None of this is rocket science, but by the end of 30 minutes we had the most feedback from a show and tell to date. It wasn’t only the quantity but the quality improved too. Some great challenge offered in a positive way, really helpful signposting and the offer of collaboration from another team.

It definitely took more thought to organise, but not much more time in the grand scheme of things. The added value was worth the time investment.  

Meeting with Councillors Selman and Kennedy

On Thursday we met with Councillors Selman and Kennedy, the Cabinet members with overall responsibility for this project. We look forward to these conversations. It helps to understand things from their perspective and to hear what they need from us to support their conversations at Cabinet level.

They track our progress closely via weeknotes (we use these as a governance tool too). This means their questions and feedback is robust and well informed. These conversations keep us on our toes, which is good, and we appreciate the spirit and enthusiasm in which this regular scrutiny is offered.

Hackney Spacebank: Weeknotes w/c 23 April

Five things you need to know about Spacebank this week:

Sprint 3 is under way

We started the week with sprint planning. Our goal:

“Defining our measures for success, drilling down into what happens at the end of the library booking process, and sharing our progress with stakeholders via a show and tell.”

Paying for and accessing a library meeting room is the final piece of the puzzle in our user journey. This involves librarians, security staff, finance officers and the end user. To find out more, Winston has been out and about in the borough’s libraries armed with his trusty discussion guide, consent forms and a winning smile.

Mining the data

Joy, our service designer has been mining the data about library bookings. This is hard graft; I am suitably in awe of Joy’s eye for detail and rapid analysis.

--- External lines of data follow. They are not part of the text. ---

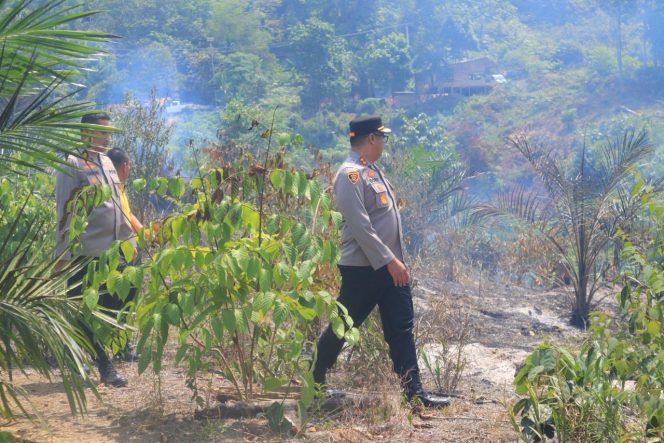
					Kapolres Kampar bersama Tim Gabungan Padamkan Karhutla 2 Hektare di Perbatasan Kampar 50 Kota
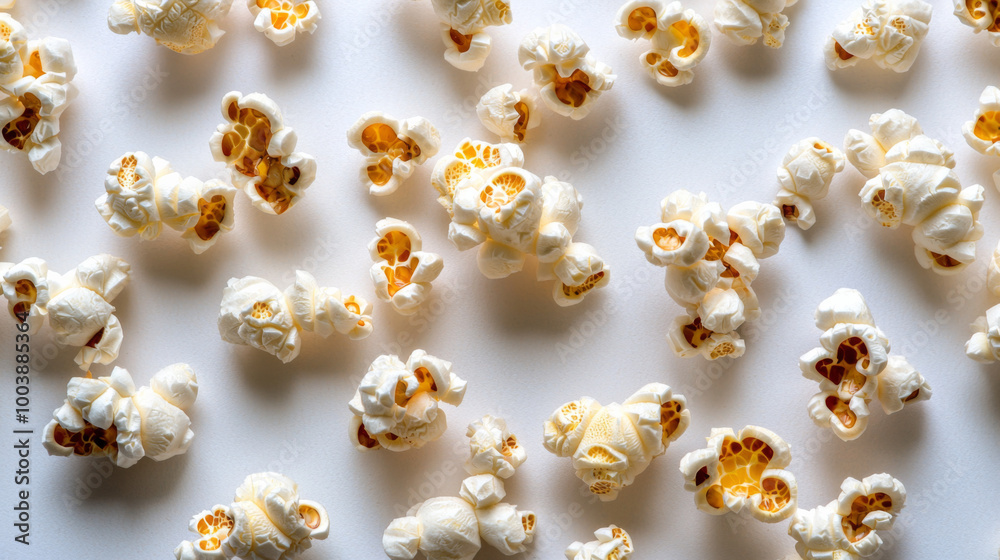 Freshly popped popcorn scattered on a light surface for a snack or movie night Freshly popped popcorn scattered on a light surface for a snack or movie night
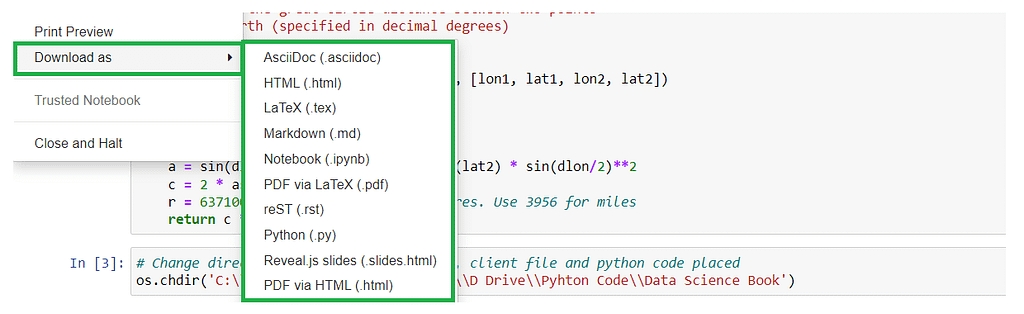 Export Options in Jupyter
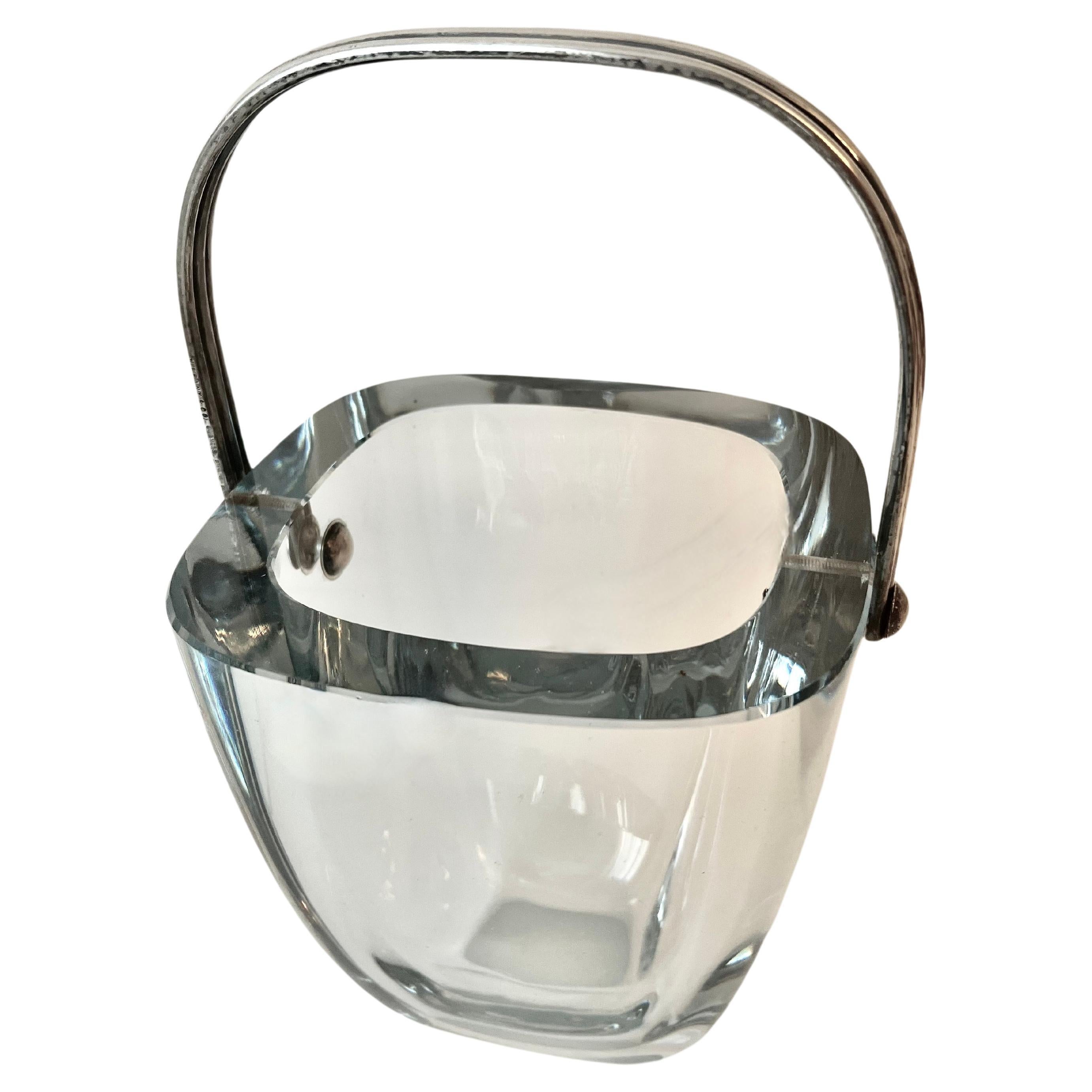 Tiffany & Co. Crystal and Art Deco Signed Ice Bucket with Sterling Silver Handle For Sale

She’s been trawling through emails for information that will help us to understand:

  • Where we can co-design improvements which will smooth out the booking experience for users
  • What we can measure to determine whether or not we are making a positive difference

Preparing for show and tell

Seeking a bit of inspiration, we prepared for our show and tell by playing the anti-problem game. Planning for “the world’s worst show and tell” was a lot of fun, but importantly it helped us think differently about how we could communicate clearly and creatively. In particular, we are thinking about how to engage attendees more effectively so we get quality feedback on our progress.

Front end developer – unblocked!

I have written about recruitment challenges in previous weeknotes. I’m delighted to say that Sebastian will be joining the team on Monday. Getting this recruitment over the line has been a joint effort with Susan McFarland and Nic Teeman. A problem shared is a problem halved as the saying goes!

Testing, testing, testing

We are over half way into our prototyping phase. We’re getting ready for some rapid testing and iteration in sprints 4 and 5. Central to these early conversations is challenging ourselves to ask the right questions. These tests will put our assumptions under close scrutiny. What we learn over the next couple of sprints will be the foundation of our MVP.